At a luncheon for missionaries to Latin America, and others interested in evangelizing this part of the world, during the 1965 National Missionary Convention in Joplin, Missouri, Bill presented an idea for turning the spotlight of missionary interest upon Latin America. Until then there was little or no missionary promotion or thinking in terms of Latin America as a whole, but of individual "missions" or "missionaries" seeking support. This left vast areas and even entire countries with no emphasis among our brotherhood. The idea was to start a magazine to publicize the work being done, to bring about more coordination and cooperation and to present to the brotherhood-at-large the unity that exists among what some call "independent" missionaries. Being a part of the same body means functioning for the benefit of all and for the even greater purpose-expansion of God’s Kingdom on this earth.


Bill had no intentions of publishing a magazine, but only of stimulating the idea. He was convinced that others more capable than he, in the field of journalism and publishing, would be willing to do this. He would work at getting the missionaries to give it their backing and cooperation. No one volunteered to take on the project, but Bill was encouraged by a number of missionaries present, and by letters which came later, and from Bill McGilvery at Mission Services, to "take the bull by the horns" and do it himself. Some missionaries even sent money to help get out the first edition.

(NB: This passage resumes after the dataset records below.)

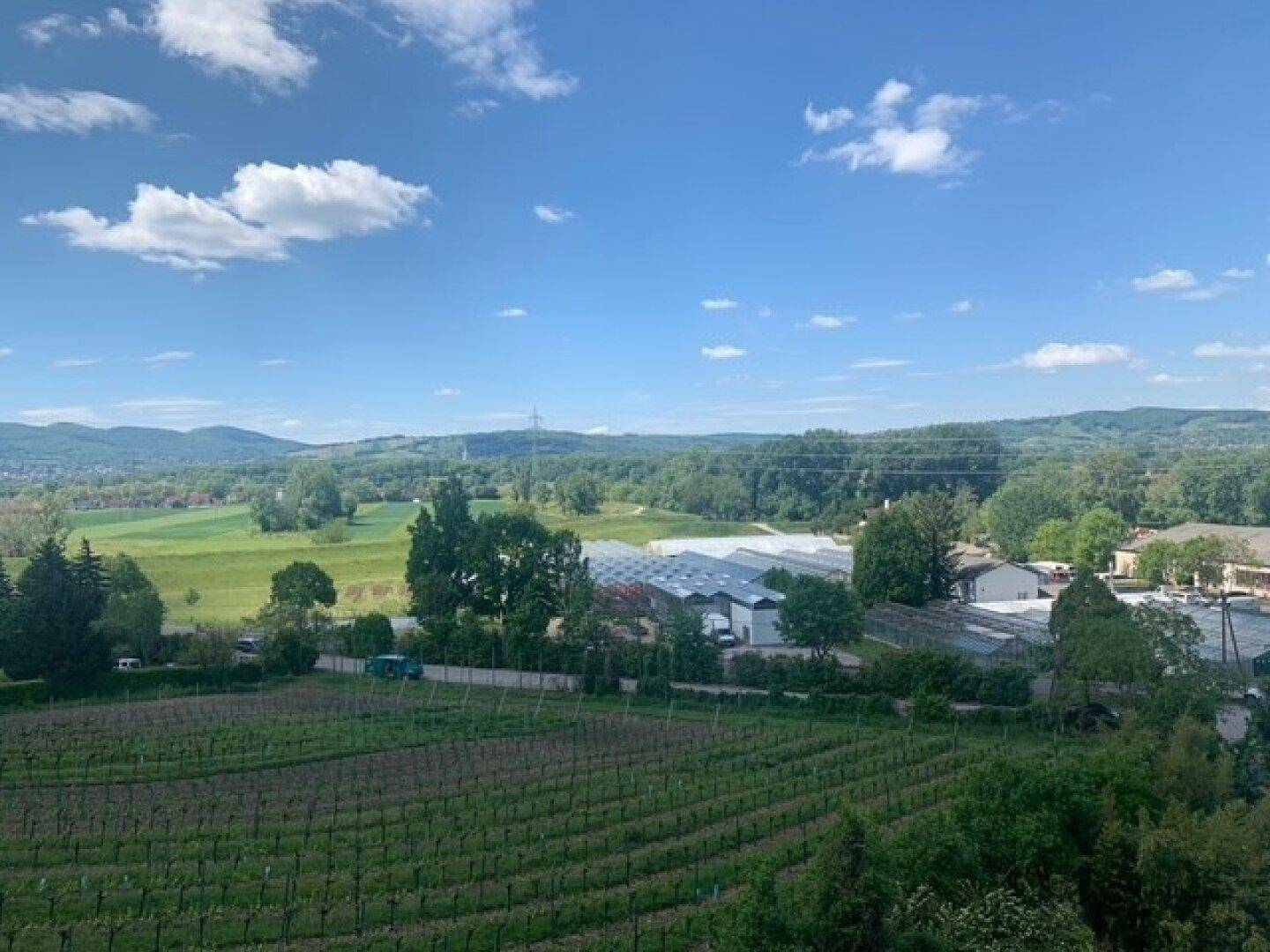 Weitläufiger Ausblick über Weinberge, Felder und eine ländliche Umgebung an einem sonnigen Tag.
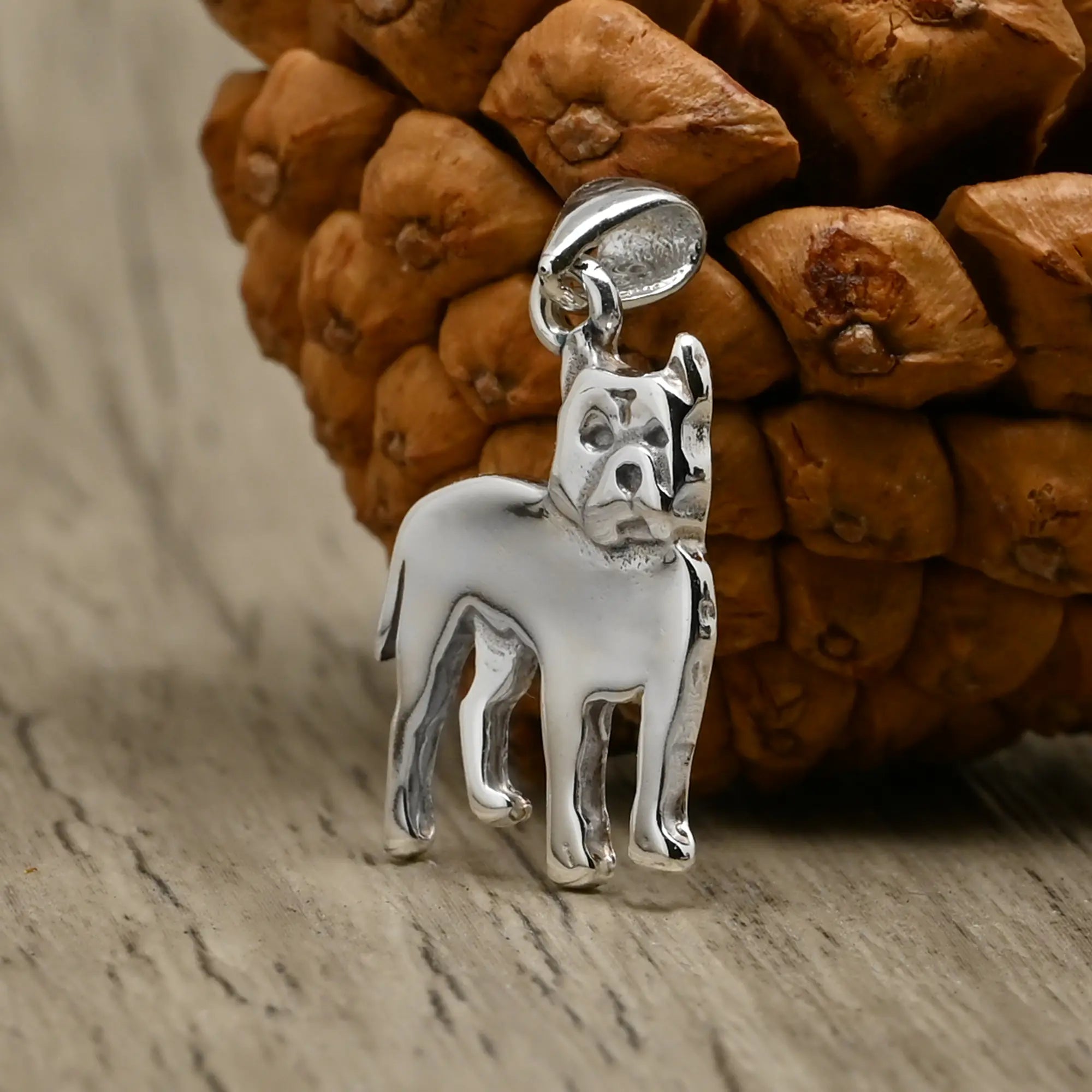 Colgante Perro Pitbull en Plata 925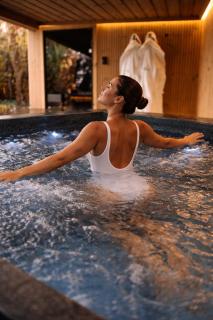 TauberChalet I Private Spa mit Sauna & Whirlpool I Natur I 10 Min zur Altstadt - 0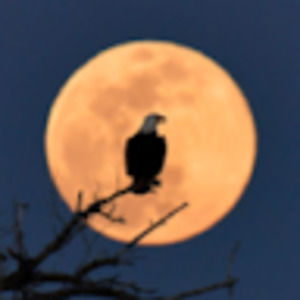 Meet your Posher, Talia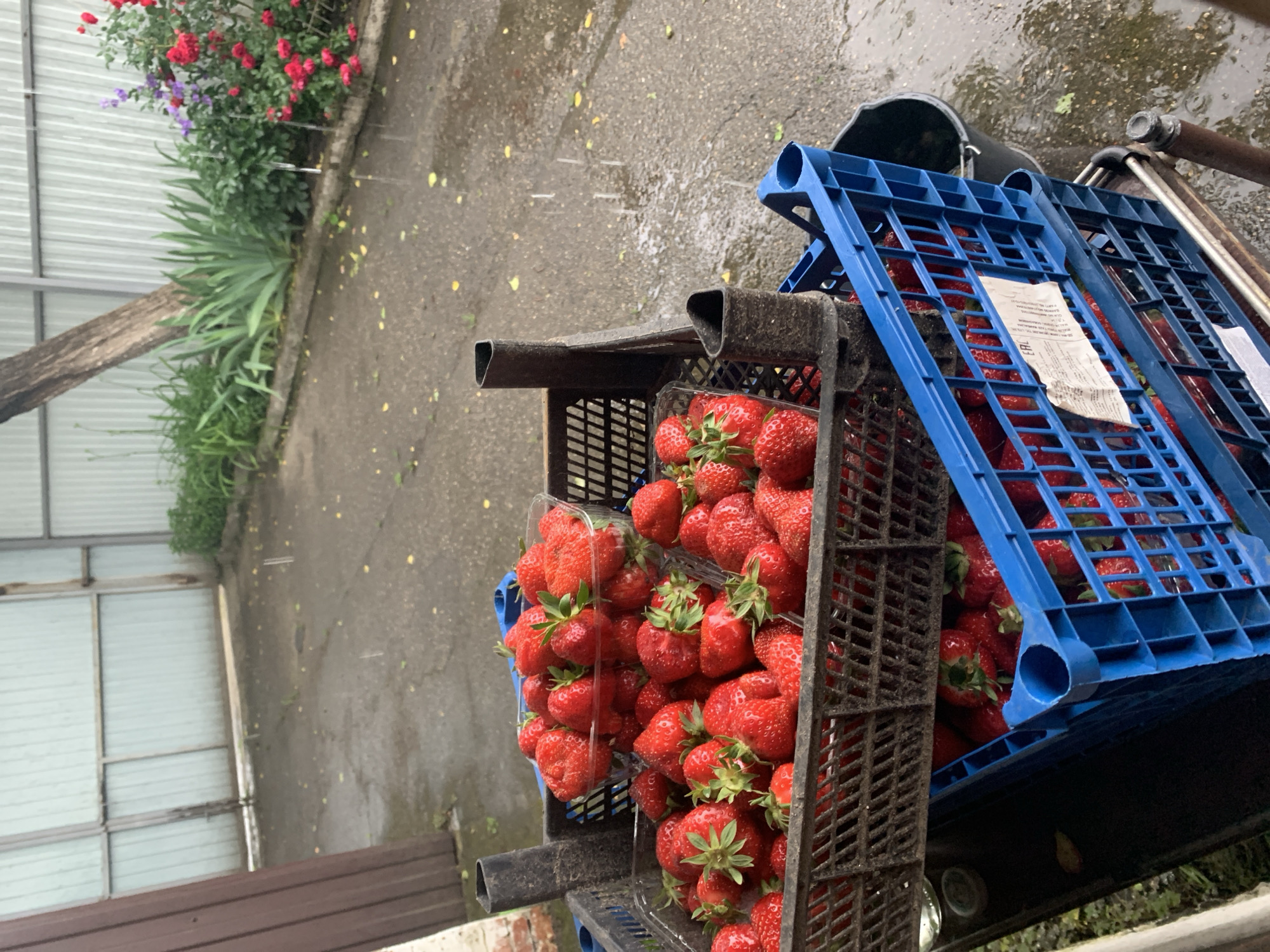 The image captures a scene in what appears to be a rainy outdoor setting. In the foreground, two stacked crates of strawberries dominate the view. The lower crate is a dark color, and the upper one is blue. The strawberries are ripe and red, with some packaged in clear plastic containers. The crates are on a metal cart. In the background, a wet pavement and a partially visible metal fence border a garden with blooming red roses and other greenery. Rain is falling throughout the scene.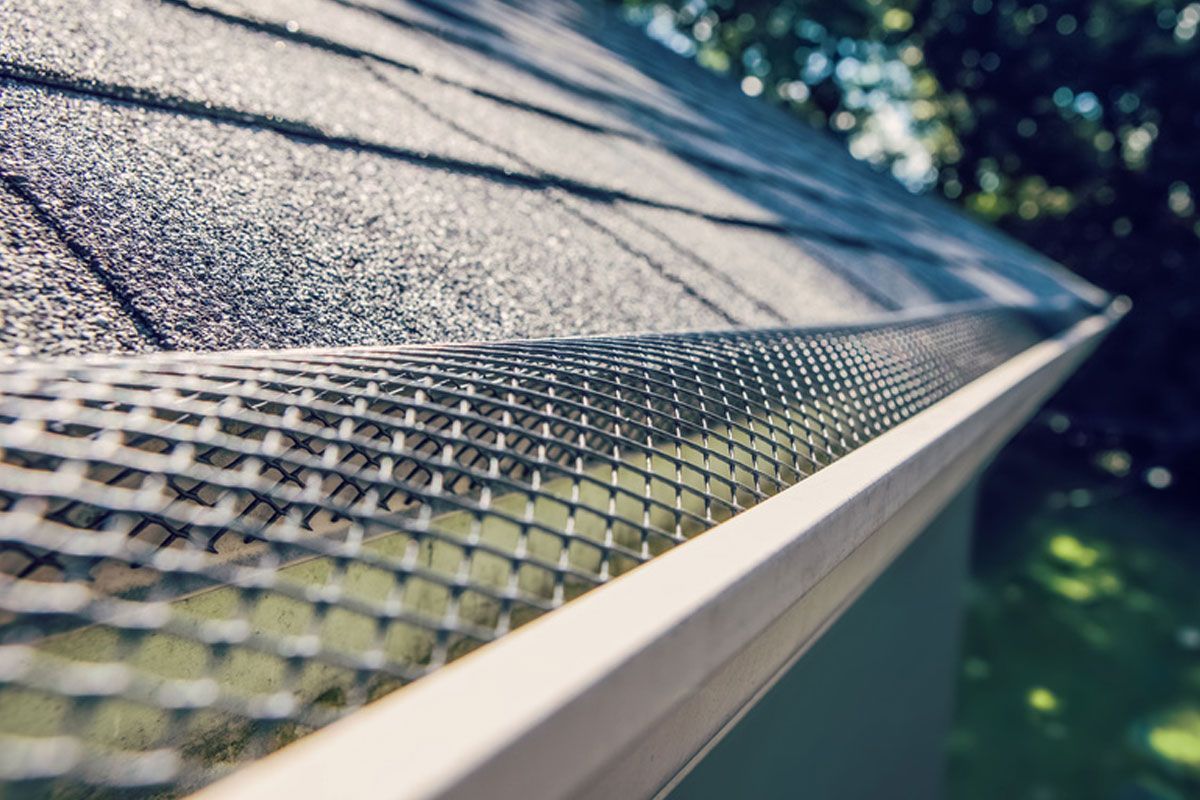 Close-up of a roof gutter with leaf guard mesh along a shingled roofline.
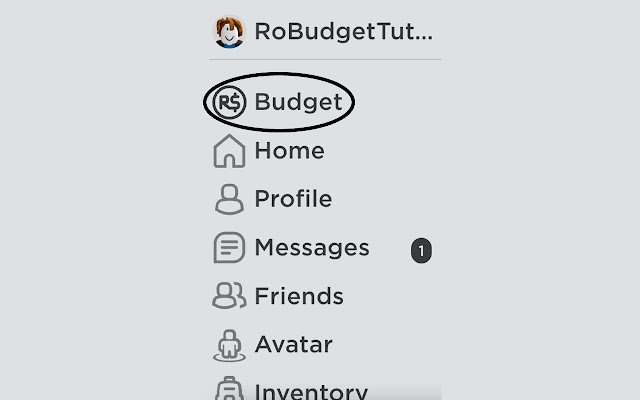 RoBudget  from Chrome web store to be run with OffiDocs Chromium online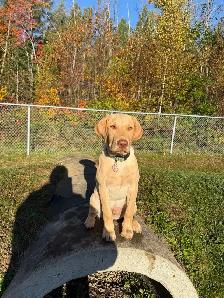 chiot labrador brun - Photo 7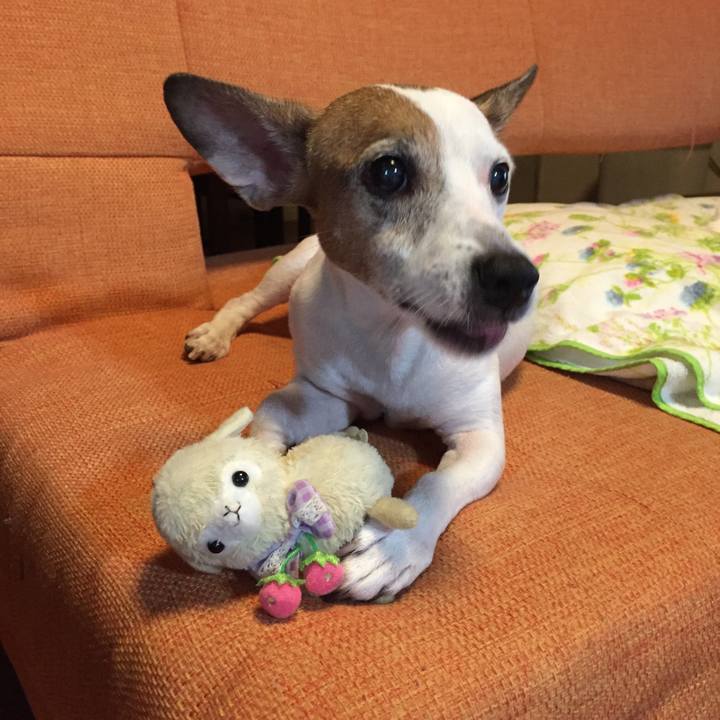 9307a145 bfa7 4f82 bc89 d27cc5ee36c9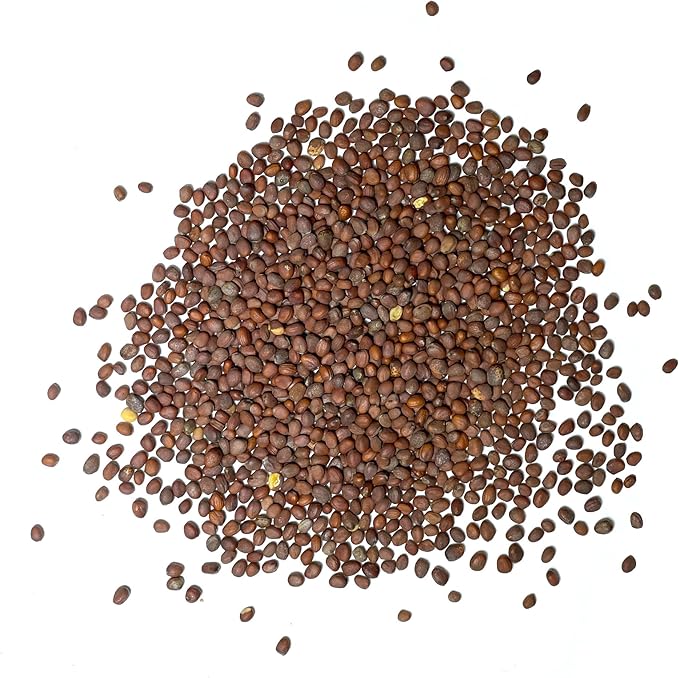 Seed Needs Radish Seeds for Planting Watermelon Radishes - Non-GMO Heirloom & Untreated - Grow a Home Grown Vegetable Garden - Cool Weather Crops (5 Packs)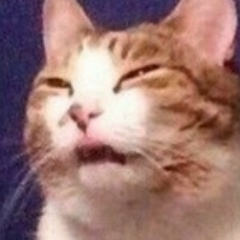 Любовь Морозова, 11.09, Москва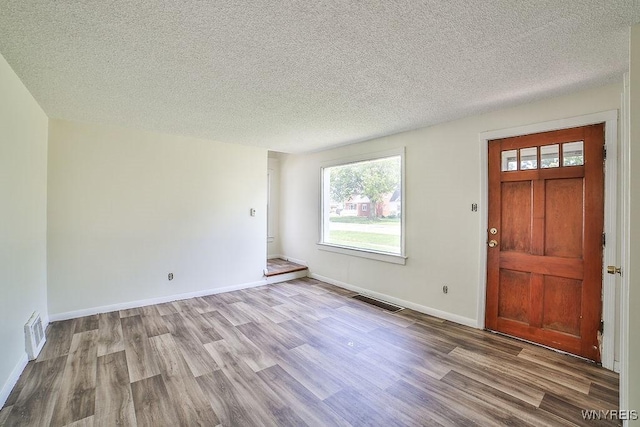 331 S Shore Blvd, Lackawanna, NY 14218 - foyer entrance with wood finished floors, plenty of natural light, and a textured ceiling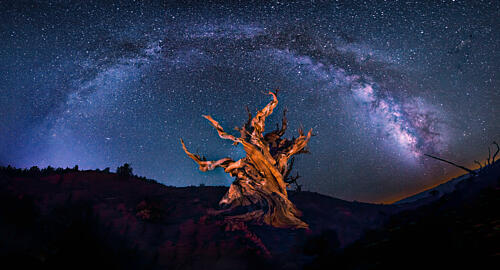 Ancient Tree Milky Way Art Print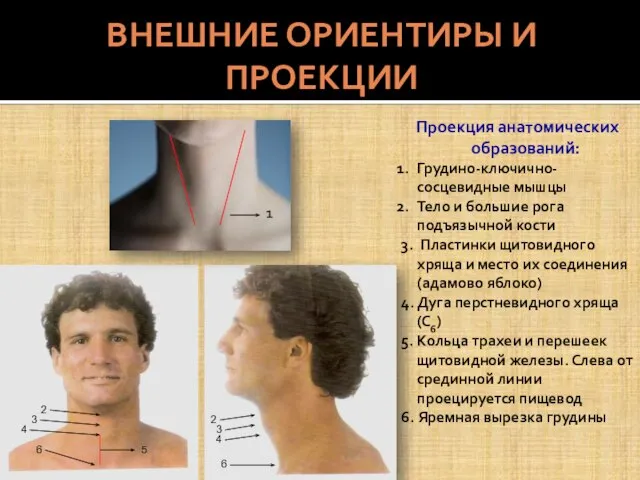 ВНЕШНИЕ ОРИЕНТИРЫ И ПРОЕКЦИИ 2 3 4 6 2 3 4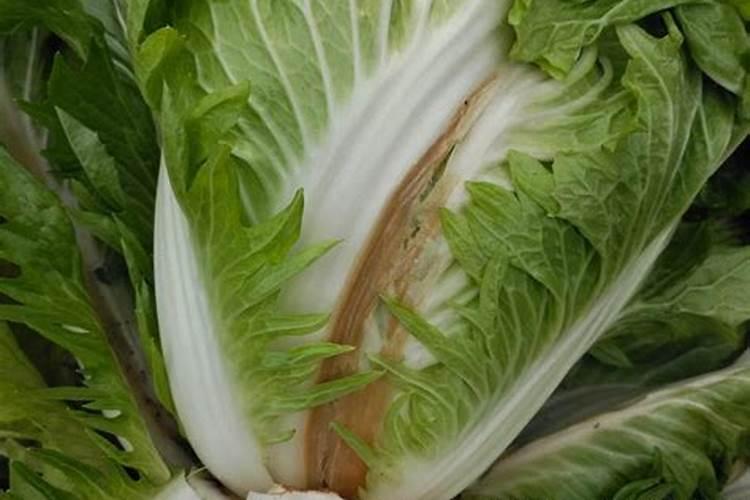 黄腐酸钾能和杀虫剂混用吗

After much prayer and study of the project, Bill decided to publish one edition to "test the waters", to see if the missionaries would cooperate and if enough money would be on hand to get it published. All the correspondence with missionaries all over Latin America, study of journalism and publishing, raising of money, getting photographs, etc., at the same time the Lofts were involved in a dynamic program of evangelism, camps, preacher training, Portuguese language literature, building program, Christian school, Food for Peace programs, and Bill’s being president of SEMA (Evangelical Mechanized Agricultural Service), two years went by between the 1965 Convention and the first issue of the magazine in September, 1967. It was then decided to put out a second edition on the same basis.


Thus LAMP Missionary Magazine was born, and has been published on the average of four times a year ever since. Latin America Missionary Pioneers (L.A.M.P.) was incorporated on September 11, 1968, in the State of Indiana, as a non-profit organization with 21 directors, because the idea was launched at the 21st National Missionary Convention. L.A.M.P. secured mailing permit No. 21 at the Garret, Indian Post Office shortly thereafter.


Post Brazil

In 1969 the greatly increased Loft family moved to Puerto Rico to be in a more strategic location for recruitment and training of missionaries, for surveys and groundwork preparatory to opening of new fields in Latin America and the Caribbean, and for the gathering of news and reports and getting the edited copy of L.A.M.P. to the printer and mailer in the U.S.A.


The family now consisted of Sarah, born in Knoxville, Tenn., July 8, 1951; Billy, born in Belem, Para Brazil, March 13, 1953; Mara, born in Garret, Indiana, May 24, 1956; Jim, born in Belem, Para, Brazil, May 17, 1958; Lee, born in Taguating, Brasilia, Brazil, October 7, 1966; and two adopted daughters, Gerri and Alda, born in Estrella do Norte, Goias, Brazil.